Nismo is the best performance wise, however my MAF went out twice on mine, not really sure if it was caused by the CAI.


----------



## mikey7182 (Mar 16, 2006)

thanks for all the info guys  I have seen an AEM CAI for sale...? Anyone know if they're any good? I heard that Nismo is the actual manufacturer, but not sure if that is true or not. Also, the JET ECU Upgrade... anyone done this on an 06 yet, or know if it will work? I found it on customenterprise.com. I was thinking about starting off with that and the CAI... I'd hold off on the ECU, but I'm more than likely not going to heavily mod it, so I wouldn't need a custom tune for, say, Nitrous or forced induction. Any help would be appreciated


----------



## WATSON1 (Jul 9, 2005)

mikey7182 said:


> thanks for all the info guys  I have seen an AEM CAI for sale...? Anyone know if they're any good? I heard that Nismo is the actual manufacturer, but not sure if that is true or not. Also, the JET ECU Upgrade... anyone done this on an 06 yet, or know if it will work? I found it on customenterprise.com. I was thinking about starting off with that and the CAI... I'd hold off on the ECU, but I'm more than likely not going to heavily mod it, so I wouldn't need a custom tune for, say, Nitrous or forced induction. Any help would be appreciated


You've actually got it backwards, Nismo is made by AEM, not AEM made by Nismo, but that doesn't really matter.
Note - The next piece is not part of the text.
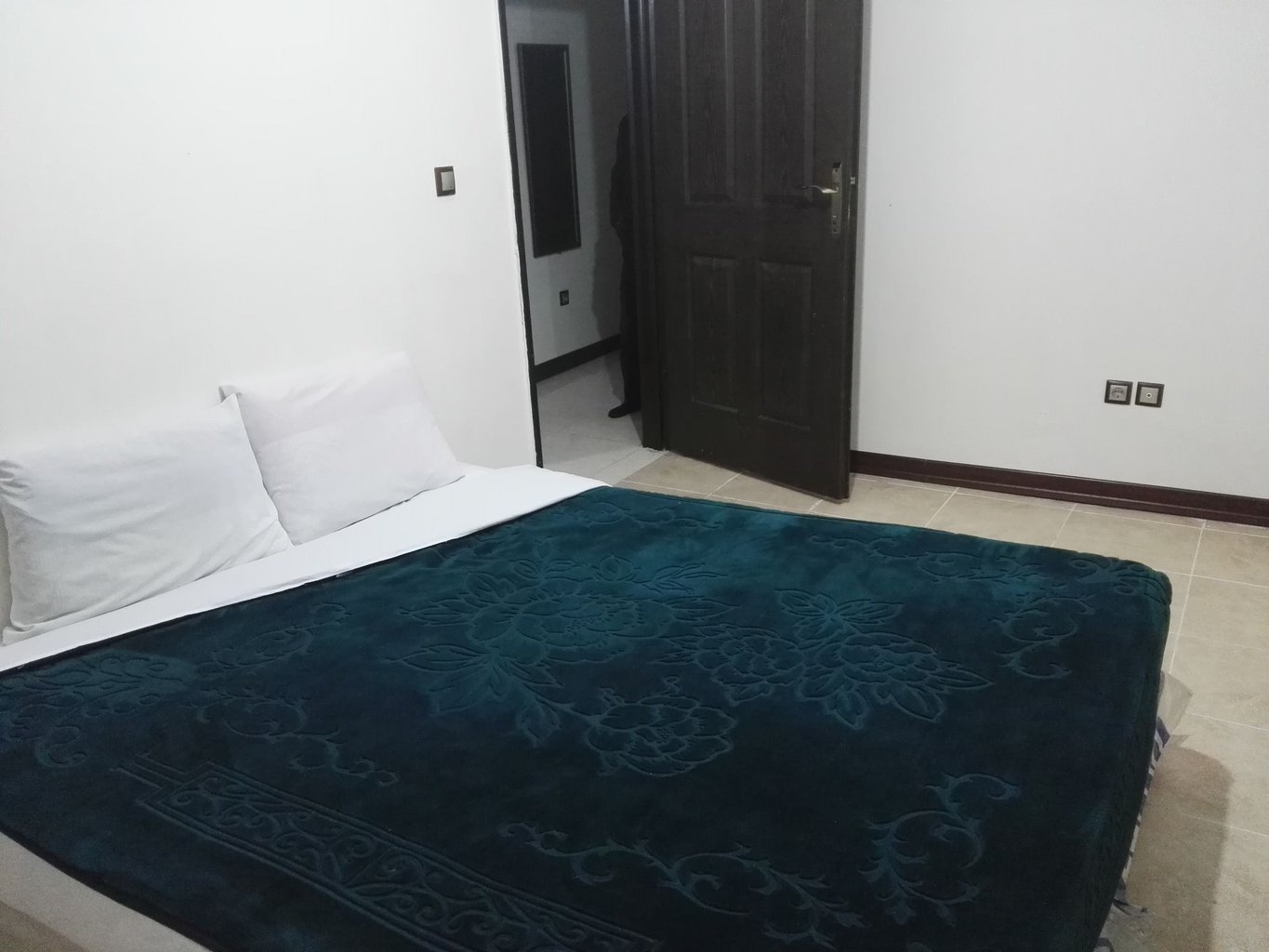 آپارتمان دوخوابه هجرت - واحد ۲۰۳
The last I heard, technosquare was in the process of a SE-R ECU reflash, but I stapped watching it when I got rid of my Altima. There is a thread about it somewhere in theis section. Just do a search in here for a few keywords, and it should come right up.


----------



## mikey7182 (Mar 16, 2006)

Thanks  I was actually going to say that Nismo was made by AEM instead, but I didn't want to sound retarded... so much for intuition! haha


----------



## cdmorenot (Dec 22, 2005)

mikey7182 said:


> Thanks  I was actually going to say that Nismo was made by AEM instead, but I didn't want to sound retarded... so much for intuition! haha


lol...yeah its made by aem.. i would find out about technosquare... not jet..


----------